A las 8:30 de la mañana, la oscuridad aún cubría la ciudad bajo espesas nubes negras que descargaban agua mezclada con restos de petróleo quemado. Las escasas lluvias registradas poco después dejaron charcos oscuros con residuos de combustible.
La Organización de Protección Ambiental de Irán pidió a la ciudadanía no salir de sus hogares por la alta toxicidad del aire. De acuerdo con el director ejecutivo de la Compañía Nacional Iraní de Distribución de Productos Petrolíferos, Keramat Veis Karami, los ataques destruyeron cuatro centros de almacenamiento de petróleo y un centro de transferencia ubicado entre las provincias de Teherán y Alborz.
Karami informó que las víctimas fueron conductores de camiones cisterna que trabajaban en las instalaciones siniestradas. También aseguró que el país cuenta con suficiente gasolina y solicitó a la población evitar acudir en masa a las estaciones de servicio. Mientras tanto, la Compañía Nacional Iraní de Refinación y Distribución de Productos Petrolíferos garantizó el suministro de combustible desde otros puntos del país.

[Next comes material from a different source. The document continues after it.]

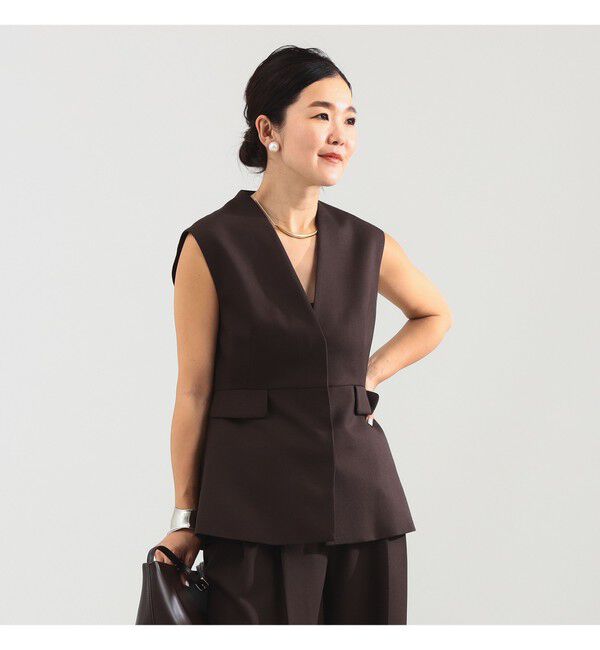 Demi-Luxe BEAMS 「エディター東原妙子 &times; Demi-Luxe BEAMS / ツイル ペプラム ジレ」|ダウン|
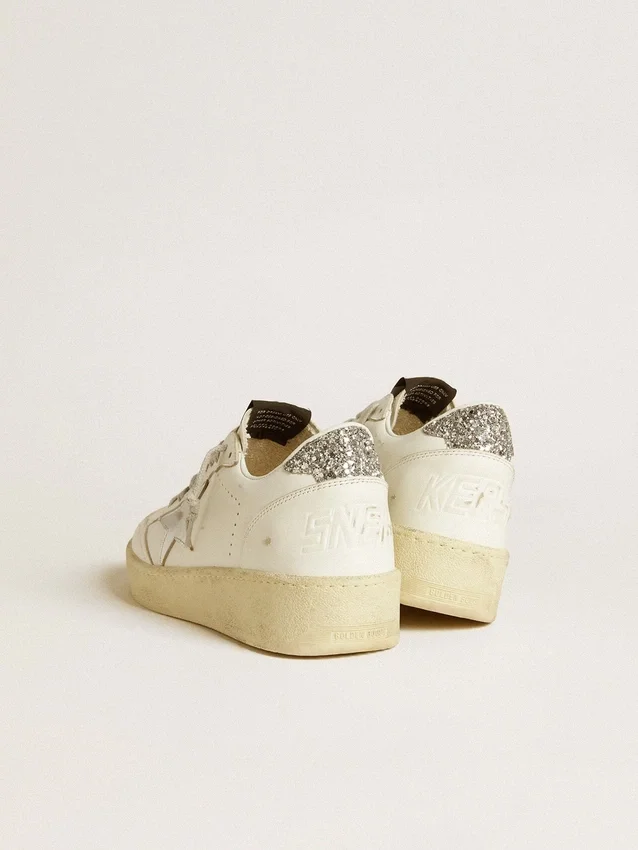 Damen-Sneaker „Ball Star“ mit silbernem Lederstern und silberner Glitzer-Fersenlasche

Horas antes, el Ejército israelí confirmó que lanzó ataques contra depósitos de combustible en Teherán, asegurando que eran utilizados por las fuerzas armadas iraníes.
El bombardeo forma parte de una ofensiva más amplia iniciada por Israel y Estados Unidos el pasado sábado 28, que ha dejado más de un millar de muertos en Irán y la destrucción de miles de edificios. Entre los objetivos alcanzados se encuentran las oficinas del fallecido líder supremo, Ali Jameneí, el edificio del Consejo de Seguridad Supremo y el palacio presidencial.
EFE reportó daños en comisarías y bases militares de la capital, además de severos impactos en edificios civiles, incluyendo una explosión que mató a 20 personas en la plaza Nilufar. También fueron alcanzados dos hospitales y un campo de fútbol sala con capacidad para 12,000 personas, el cual quedó completamente destruido.